● **Task to carry out**
Once you find the line with "Stribet Leggings Sort/Hvid" in the listing below, please repeat it and every later line exactly, through the last one, without pictures.

● **Supplied information**
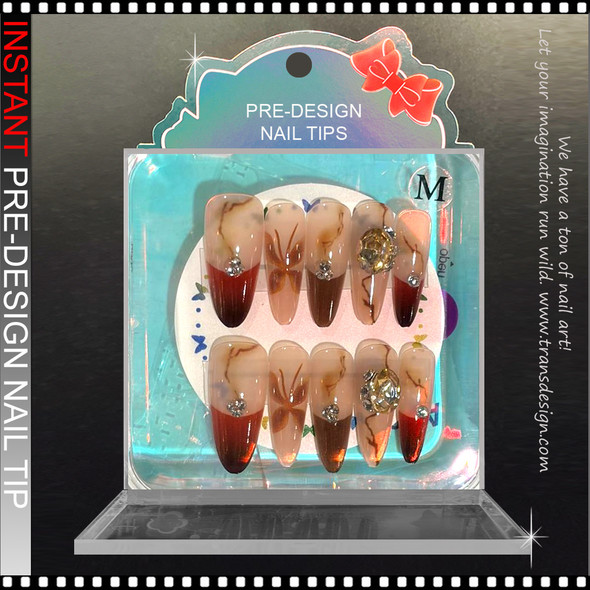 Autumn Amber Stone Press-On Nails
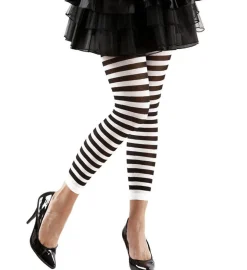 Stribet Leggings Sort/Hvid
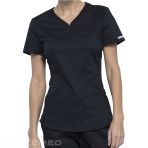 Cherokee V-Neck Tunic For Women Soft Well-Fitted With Breathable Mesh Side Vents Knit Details And Shirttail Hem - Navy V 10388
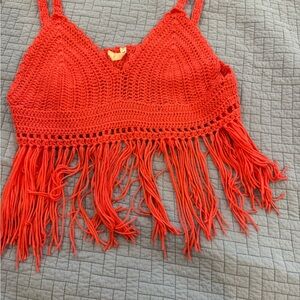POL‎ Orange Red Embellished Crop Camisole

● **Reply to the task**
 Stribet Leggings Sort/Hvid
 Cherokee V-Neck Tunic For Women Soft Well-Fitted With Breathable Mesh Side Vents Knit Details And Shirttail Hem - Navy V 10388
POL‎ Orange Red Embellished Crop Camisole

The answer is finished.